絵を描く著者の周りに集まる、中国・甘粛省の子どもたち(写真提供:ヤマザキマリ)
中国で打ち出された「宿題や学習塾を禁止する」という政策についての記事を読んだマリさん。人々へ”ゆとり”を推奨する背景に、風通しの良くない思惑の存在を感じたそうで――。

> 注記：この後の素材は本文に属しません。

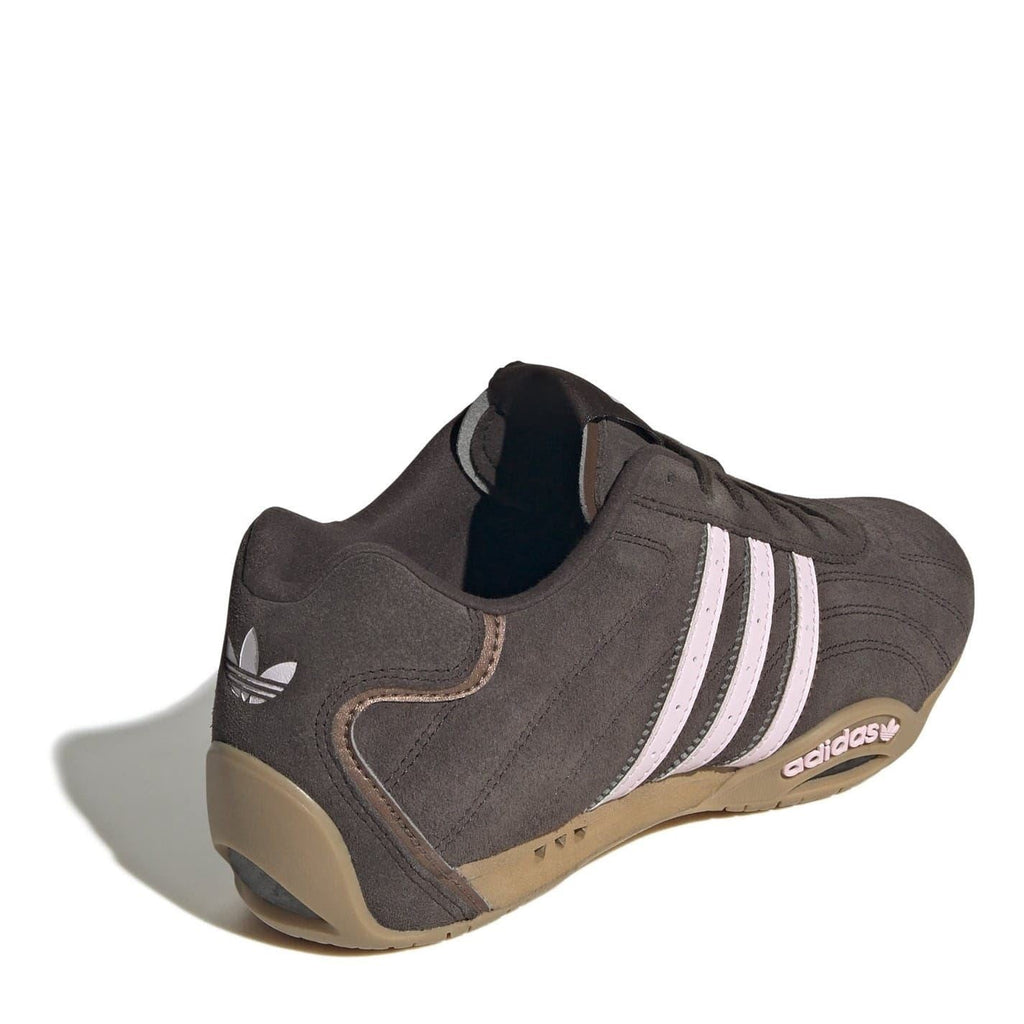 Dark brown low-top sneakers with adidas heel logo, three stripes, and gum sole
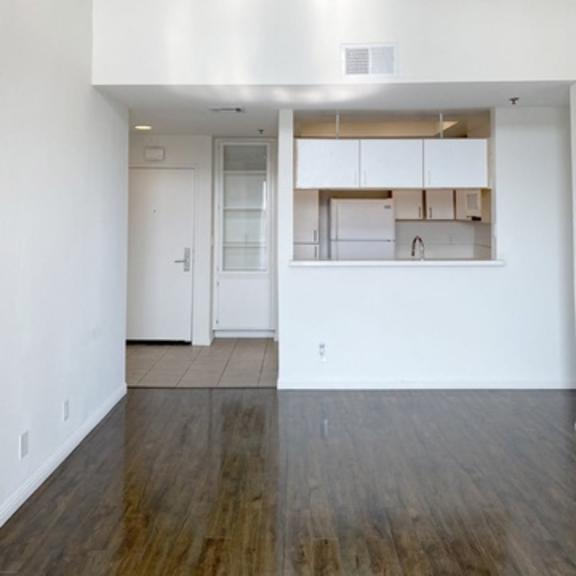 Thumbnail 3 of 22 A white room with a kitchen area in the back.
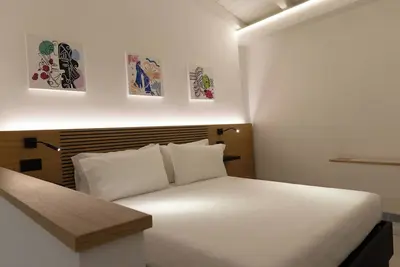Image de Studio en mezzanine Triple Supérieur avec balcon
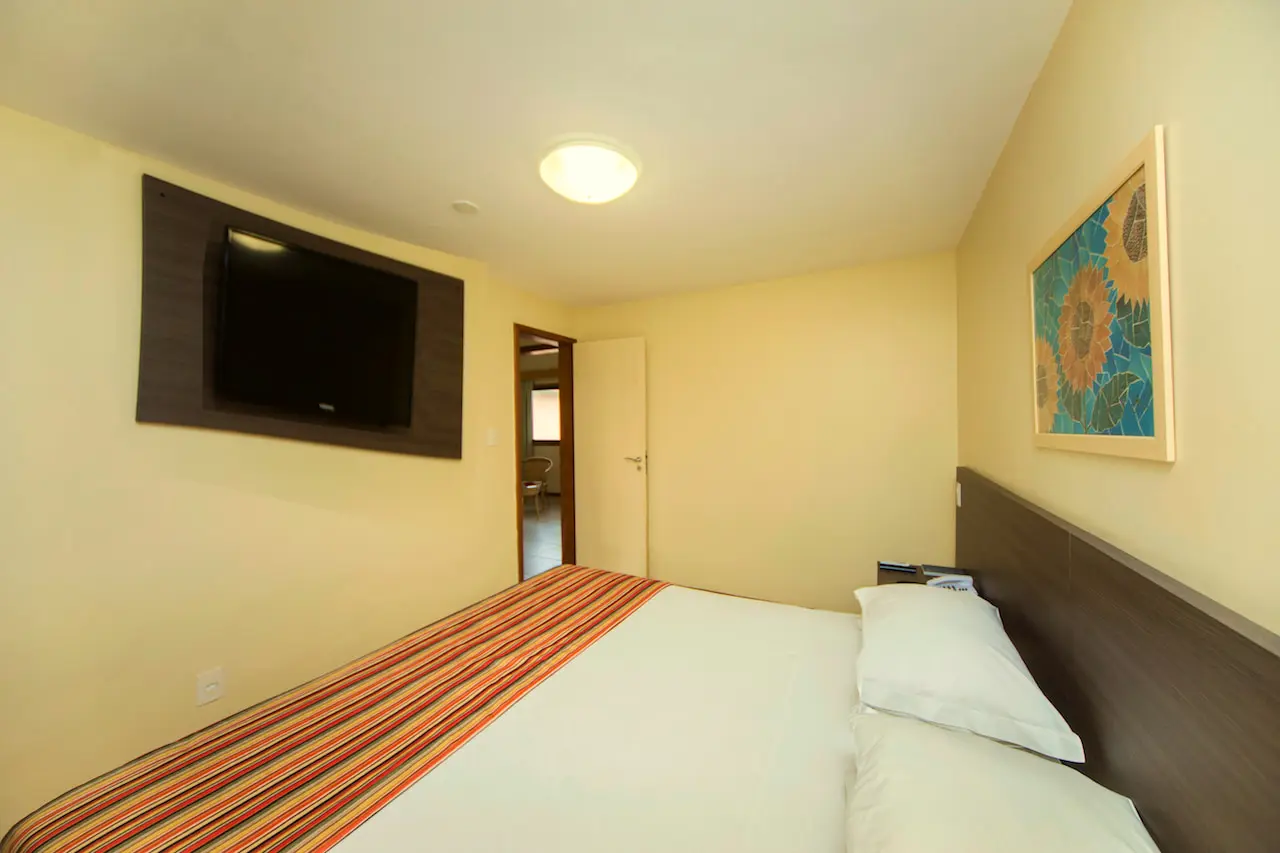 Quarto do bangalô com cama de casal, TV na parede e quadro de flores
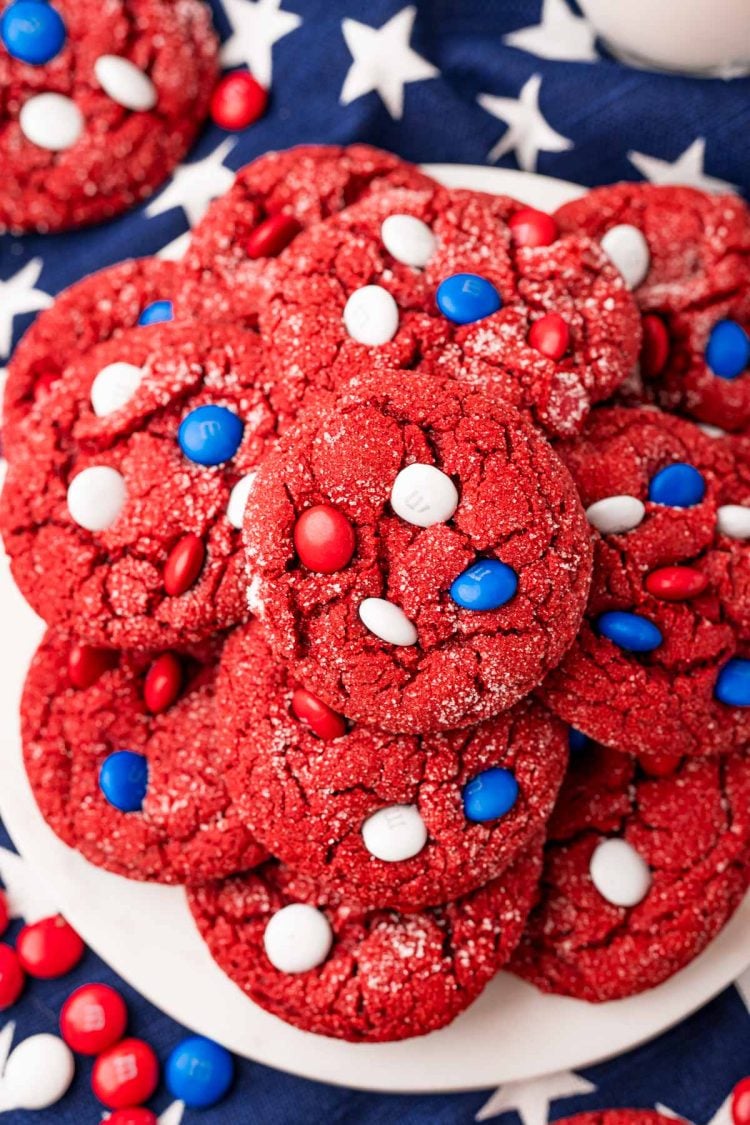 Overhead photo of red velvet cake mix cookies with red, white, and blue M&M's on a white plate on a blue star napkin.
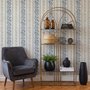 Blue wallpaper with indigo botanical stripework, pinstripes and dotted borders on warm cream parchment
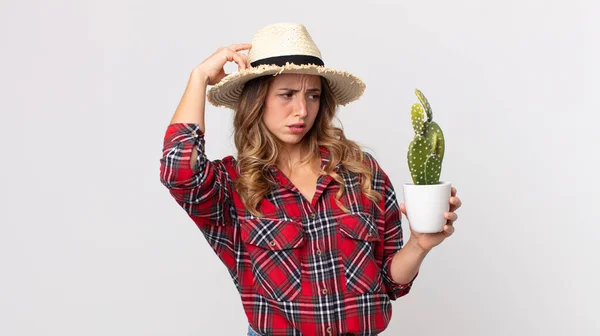 pretty thin woman feeling puzzled and confused, scratching head holding a cactus. farmer concept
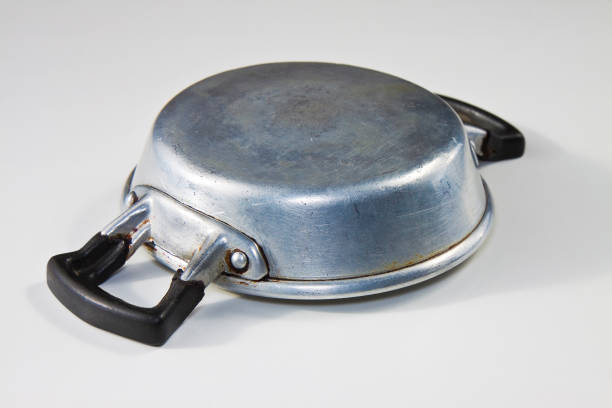 Old upset aluminum pan seen from above on white background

(文・写真=ヤマザキマリ)

世界に波紋を広げた中国の教育政策

おととしの夏、少子化が進む中国で、宿題や学習塾を禁止するという教育政策が打ち出され、世界に波紋が広がった。

私が見た記事によると、幼稚園児に円周率を100桁まで覚えさせる塾が流行るなど、「努力は結果を生む」という国民の絶対的な信念と学歴重視に、少子化問題との因果関係を見出した、その解決策である、とも書かれていたが、この通達が出てからわずか数ヵ月のうちに中国国内の学習塾や教育支援産業は壊滅状態に陥り、塾の講師など高学歴の人材が失業を余儀なくされる事態となった。

政府としては、競争をあおる教育ビジネスが大きな力を持つことへの危惧も当然あったはずだが、どちらにせよ人々に“ゆとり”を推奨する姿勢の背景には、なにかしら風通しの良くない思惑が蠢いているものだ。